Muza, gruesa en exceso, con rasgos faciales rudos y con gafas, aparentaba más años de los treinta que tenía. Intentaba escribir una carta sobre la mesa, balanceada por el planchado, escuchando un importuno relato que la ofendía. Pedir a otra persona que se callara era algo que consideraba, en general, poco delicado. Por otra parte, detener a Liúda era excitarla, le habría soltado una insolencia. Liúda era nueva entre ellas, no era una aspirante. Recién terminada la carrera en el Instituto de Finanzas, había venido para seguir un cursillo de política económica, aunque en realidad, sobre todo, a divertirse. Su padre, un general retirado, le enviaba mucho dinero desde Voronezh.
Liúda estaba convencida de que el único sentido de una vida femenina radicaba en las citas con los hombres y en las relaciones con ellos en general. Pero al relato de hoy le confería un carácter especialmente picante.
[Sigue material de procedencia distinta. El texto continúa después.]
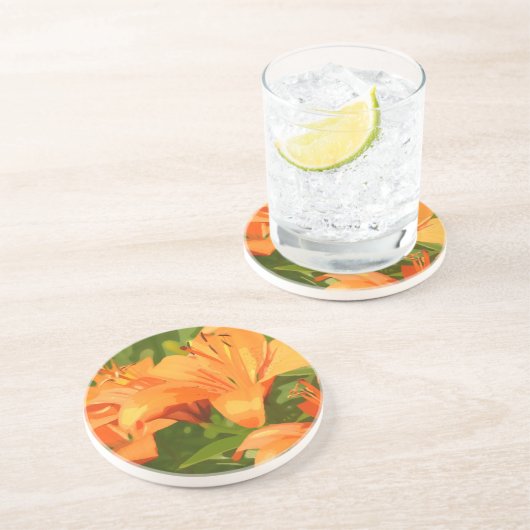 Painted Tiger Lily Garden Getränkeuntersetzer (Seite)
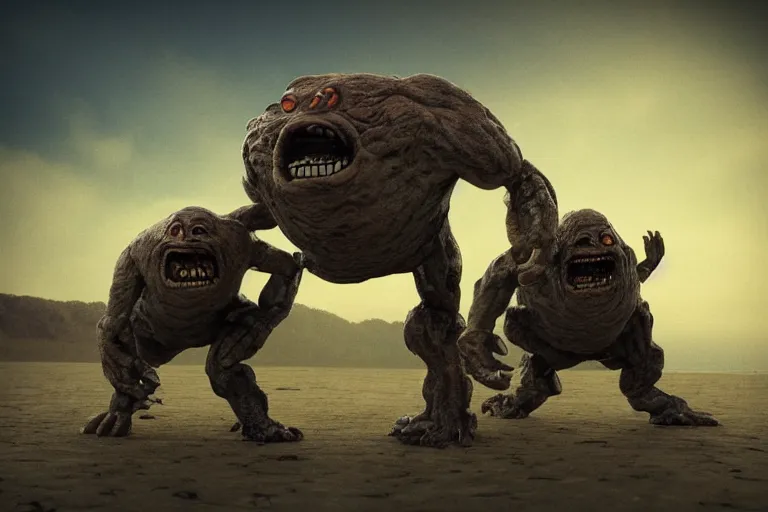 Image similar to photo, two old men!, two hairy fat ugly fight aliens 4 0 1 2 7 on a beach, highly detailed, scary, intricate details, volumetric lighting, front view
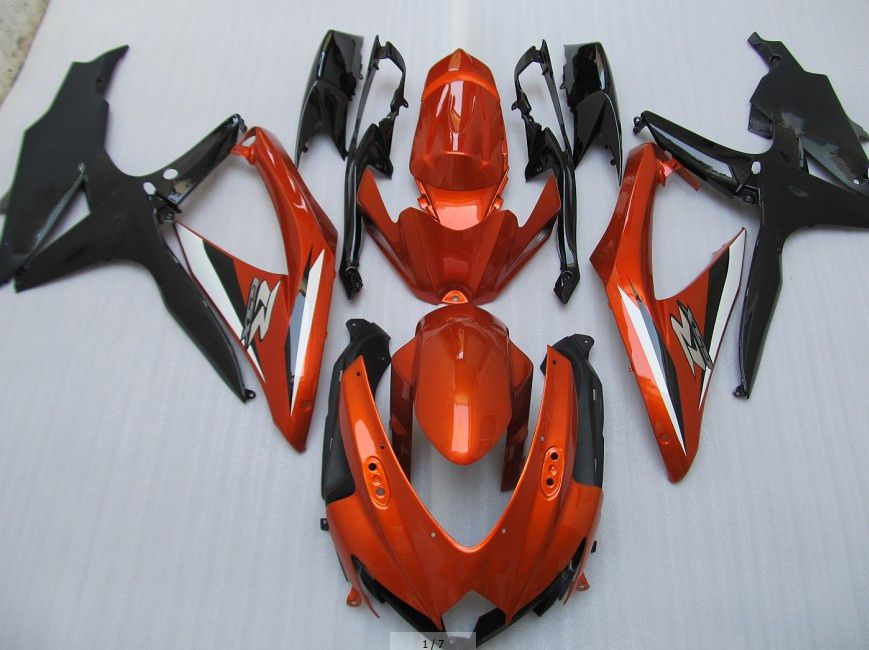 Orange black white fairings kit for suzuki GSXR 600 750 2008 2009 K8 GSXR600 GSXR750 08 09 10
En Voronezh, después de estar tres meses casada y de conocer después a algunos otros hombres, Liúda lamentaba que su mocedad hubiera pasado tan fugazmente. Y así, después de unas primeras palabras de presentación, representó el papel de ingenua con el poeta español, palpitó, se avergonzó del menor roce con el hombro o el codo, y cuando el impresionado poeta le suplicó el primer beso de su vida, la muchacha se estremeció, pasó del éxtasis a la desesperación, e inspiró al poeta un poema de veinticuatro versos, por desgracia no en ruso.
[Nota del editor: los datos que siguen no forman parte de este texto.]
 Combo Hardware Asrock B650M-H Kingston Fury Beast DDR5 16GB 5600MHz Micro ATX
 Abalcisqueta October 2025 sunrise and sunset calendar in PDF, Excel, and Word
Muza escribía la carta a sus padres, de edad muy avanzada, que vivían en una lejana ciudad de provincias. Su padre y su madre continuaban amándose como recién casados, y cada mañana, al ir a trabajar, su padre no hacía más que volverse y agitar la mano hacia la madre hasta que doblaba la esquina, y la madre se la agitaba a él desde la ventana. La hija los quería de la misma manera, y se había acostumbrado a escribirles a menudo detallando cada una de sus vivencias.
Pero ahora estaba descentrada. Dos días antes, al anochecer del último viernes, a Muza le había sucedido algo que eclipsaba su incansable trabajo cotidiano sobre Turguéniev, un trabajo que sustituía para ella cualquier otra vida, todos los aspectos de la vida. Tenía una sensación de las más repugnantes, como si se hubiera embadurnado con algo sucio, deshonroso, imposible de lavar, de ocultar, de mostrar, y con lo cual fuera también imposible existir.
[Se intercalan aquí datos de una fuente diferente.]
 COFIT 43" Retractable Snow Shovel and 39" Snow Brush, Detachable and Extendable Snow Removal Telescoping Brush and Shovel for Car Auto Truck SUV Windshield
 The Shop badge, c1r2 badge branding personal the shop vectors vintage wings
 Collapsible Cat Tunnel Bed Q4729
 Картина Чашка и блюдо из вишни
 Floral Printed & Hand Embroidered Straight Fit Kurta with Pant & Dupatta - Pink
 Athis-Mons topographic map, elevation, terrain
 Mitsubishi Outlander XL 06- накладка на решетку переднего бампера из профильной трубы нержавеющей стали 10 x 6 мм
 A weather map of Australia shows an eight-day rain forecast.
Sucedió que aquel viernes por la noche, cuando volvía de la biblioteca y se disponía a acostarse, la llamaron a secretaría de la residencia, y allí le dijeron: «Sí, sí, pase a aquella habitación, por favor». Y en la habitación había dos hombres vestidos de paisano, muy corteses al principio, que se presentaron como Nikolai Ivánich y Serguei Ivánich. Sin importarles demasiado lo avanzado de la hora, la retuvieron una, dos y hasta tres horas más. Empezaron con un interrogatorio, preguntando con quiénes compartía la habitación, quiénes estaban en su mismo curso (aunque lo sabían tan bien como ella). Sin prisa alguna, hablaron con ella de patriotismo, del deber social de todo trabajador científico, que no ha de encerrarse en su especialidad, sino servir a su pueblo por todos los medios, con todas sus posibilidades. Muza no encontraba nada que replicar a todo esto, era la pura verdad. Entonces, los hermanos Ivánovich le propusieron que les ayudara, es decir que se encontrara con uno de ellos a determinadas horas en la secretaría, en un centro de propaganda o en las habitaciones del club, y a veces en la propia universidad, según concertaran, y respondiera a ciertas preguntas o les transmitiera sus observaciones por escrito.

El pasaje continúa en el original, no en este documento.